By Theorem 2.5, I know that every Hilbert space contains an orthonormal basis $\{a_n\}_{n = 1}^{\infty}$. I define the sequence of balls $\{B_n\}_{n=1}^{\infty}$ such that $$B_n = \{x\ :\ \|x – a_n/2\| < \sqrt{2}/4\}.$$ If $a \in B_n$, we observe that $$\|a\| \leq \|a – a_n/2\| + \|a_n/2\| < \sqrt{2}/4 + 1/2 < 1.$$ Thus, $B_n$ is contained in the unit ball. For $m \neq n$, we can observe that $$\|a_m/2 – a_n/2\| \leq \|x – a_m/2\| + \|x – a_n/2\| < \sqrt{2}/4 + \sqrt{2}/4 = \sqrt{2}/2.$$ However, this last inequality does not guarantee that $B_m \cap B_n = \emptyset$. Are there any suggestions for how to ensure that $B_m \cap B_n = \emptyset$?
Best Answer
Here is how one works in general:
Indeed, take your ONB $\{a_n\}$. Set $B_n=B(\lambda_n a_n,\frac{\sqrt{2}}{4})$ where $\lambda_n$ are numbers that we will specify soon.
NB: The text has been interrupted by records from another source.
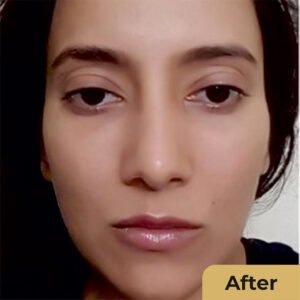 Filler treatment 01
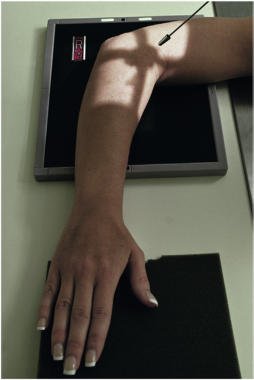 Fig. 4.148 Decubit dorsal, înclinat 45° pentru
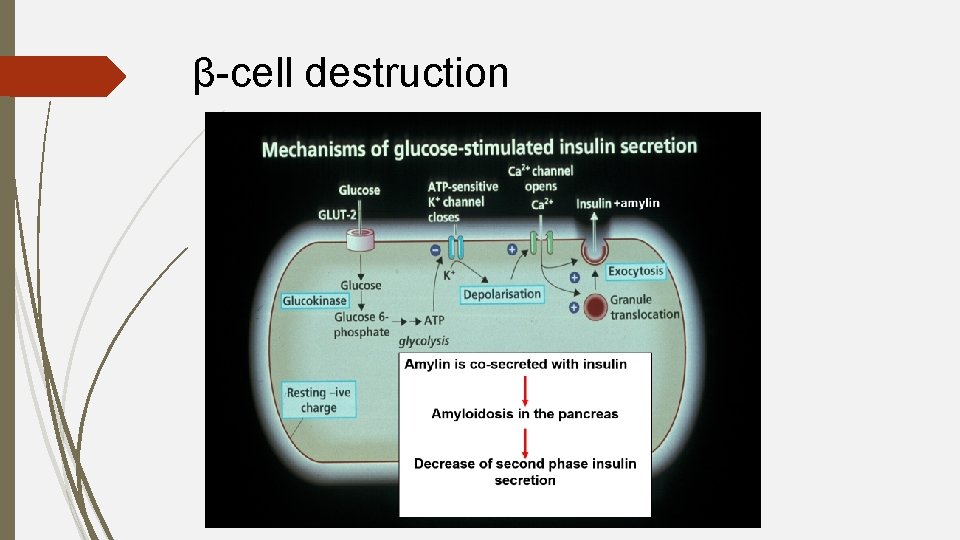 β-cell destruction 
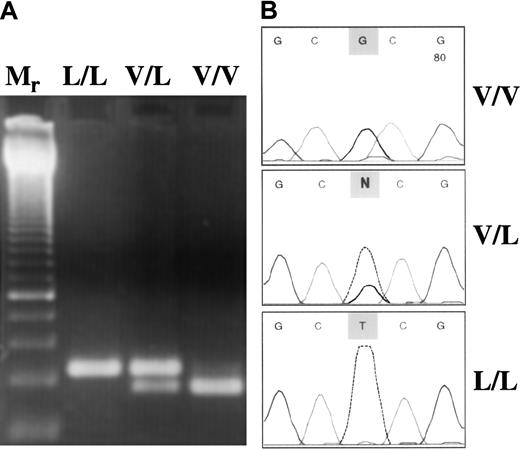Fig. 1. Molecular genetic analysis of FXIII Val34Leu polymorphism. / (A) Restriction digestion pattern of PCR products. Mr, 50-bp ladder with a double-intensity band of 250 bp. Because the homozygous mutant (L/L) genotype has no restriction site forCfoI, only the nondigested 114-bp PCR product could be seen. In the V/L heterozygous sample, both the intact product (114 bp) and the 94-bp fragment were present. In the wild-type (V/V) sample, the 94-bp single band demonstrates complete digestion. (B) Evaluation of the PCR–restriction digestion method based on amplification created a restriction site by fluorescent DNA sequencing. Representative electropherograms corresponding to the respective genotype are shown.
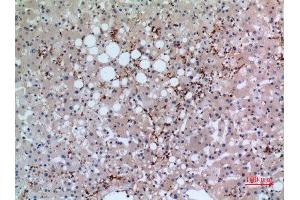 Immunohistochemistry (IHC) analysis of paraffin-embedded Human Liver, antibody was diluted at 1:100. (CD42b antibody  (Internal Region))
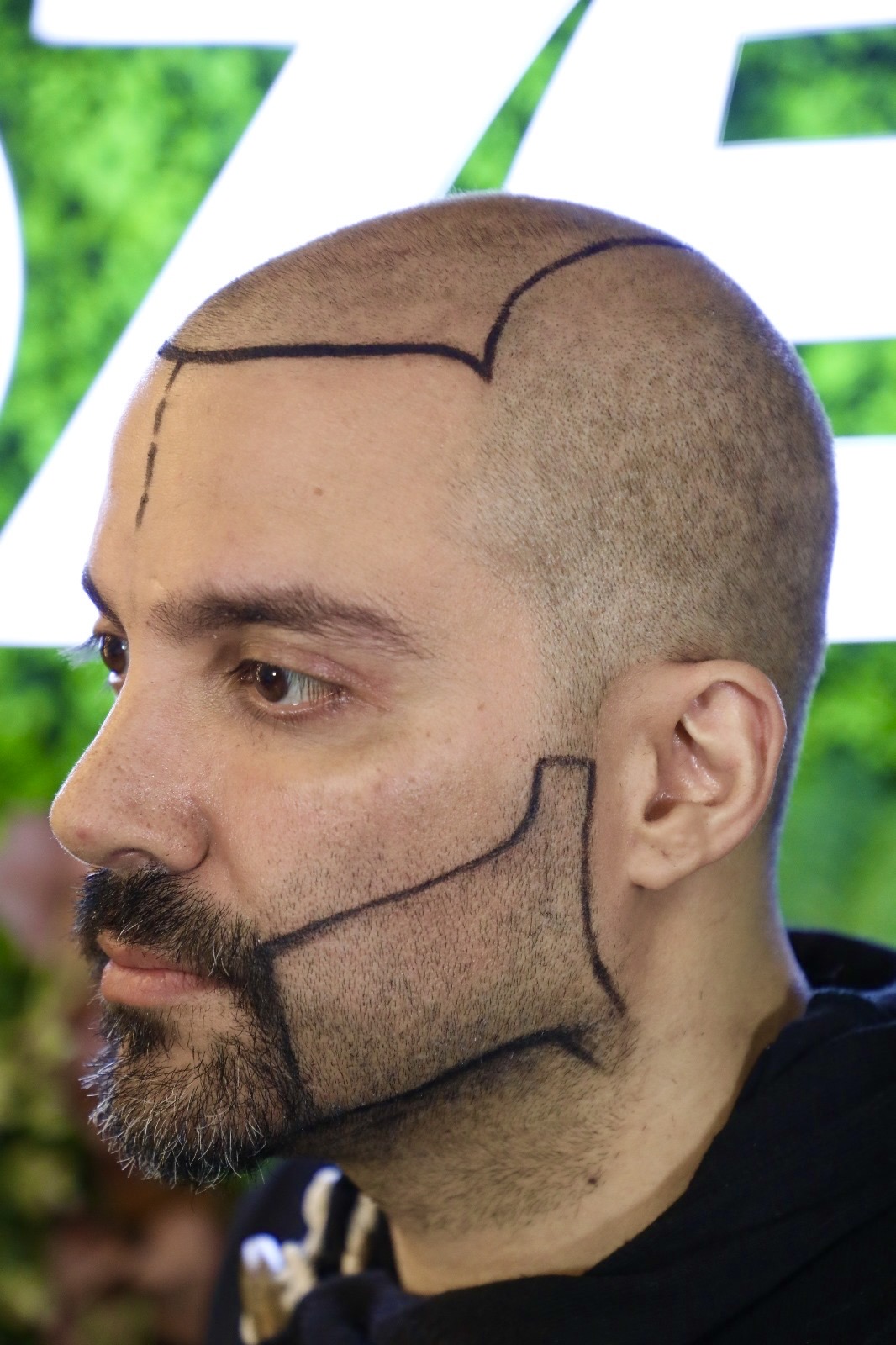 Hairline and beard line drawn to match the client's profile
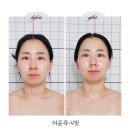 경포천로 | 군산 피부관리 에스뷰티 더윤곽 V핏 관리 후기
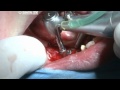 Implanturi dentare- Clinica Implantodent Constanta - YouTube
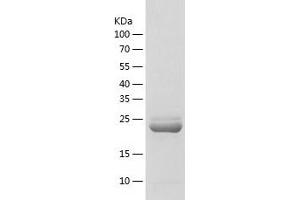 AK4 Protein (AA 1-223) (His tag)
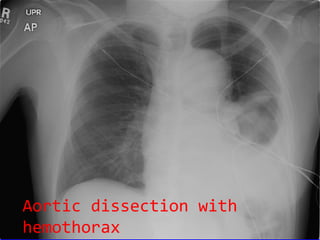 Aortic dissection with hemothorax 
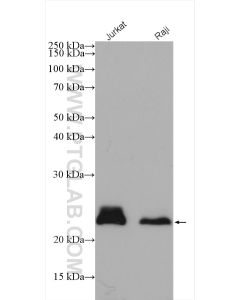 MGMT Polyclonal antibody proteintech 17195-1-AP
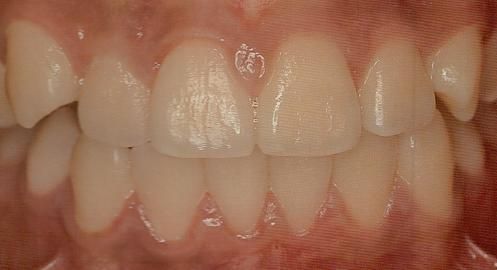 치아색을 밝게 하는 미백이란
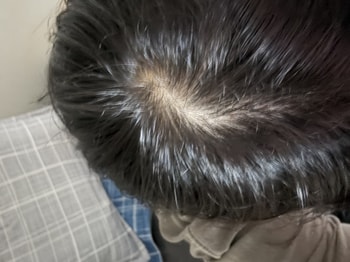 12주 사용 후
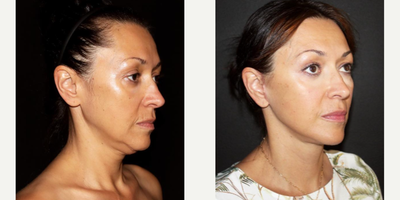 Facelift before and after photo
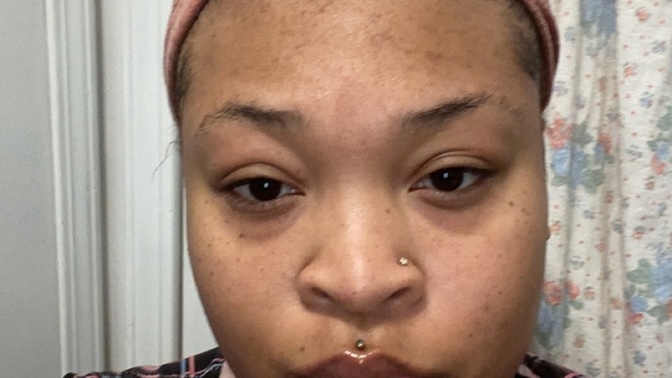 Are these eyebags or dark circles or just a shadow. so insecure about them, how do I fix it?
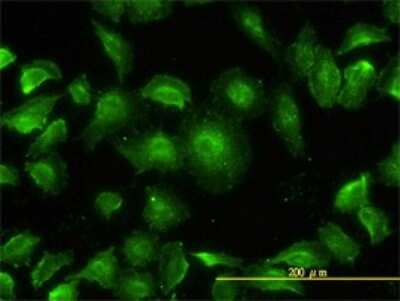 Immunocytochemistry/ Immunofluorescence: p38 delta/SAPK4 Antibody (2C10-1C7) [H00005603-M01]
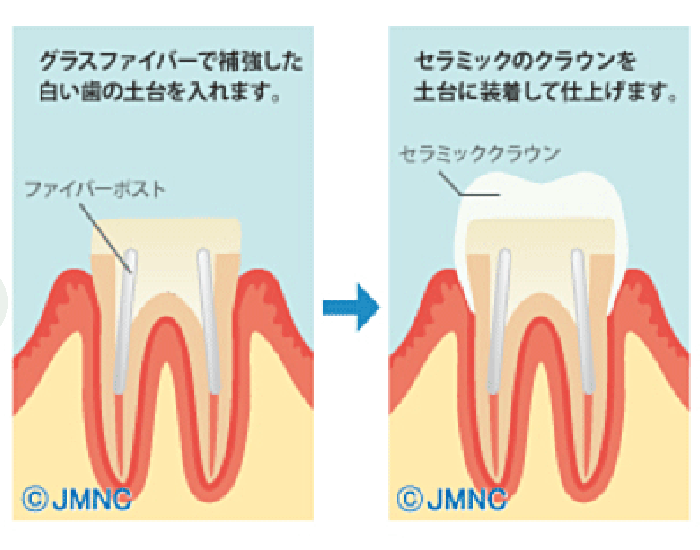 甲府市の歯医者、くまざわ歯科医院で根管治療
If $a\in B_n$, then $\|a\|\leq\|a-\lambda_n a_n\|+\|\lambda_n a_n\|<\frac{\sqrt{2}}{4}+|\lambda_n|<1$, where we now require that $|\lambda_n|<1-\frac{\sqrt{2}}{4}$.
Now assume that $B_n\cap B_m\neq\emptyset$, say there exists an element $z$ in the intersection. Then we have that $\|\lambda_n a_n-\lambda_m a_m\|\leq\|\lambda_n a_n-z\|+\|z-\lambda_ma_m\|\leq\frac{\sqrt{2}}{2}$, so $\|\lambda_n a_n-\lambda_ma_m\|^2<\frac{1}{2}$. But we have that $$\|\lambda_na_n-\lambda_ma_m\|^2=|\lambda_n|^2+|\lambda_m|^2.$$
So if you simply take $\lambda_n=\frac{1}{2}$ for all $n$, then we get a contradiction from this last condition, because then $1/4+1/4<1/2$, which is false. Since the first condition we require is satisfied (as $\frac{1}{2}<1-\frac{\sqrt{2}}{4}$) the balls $\{B(\frac{1}{2}a_n,\frac{\sqrt{2}}{4})\}_{n=1}^\infty$ do the trick.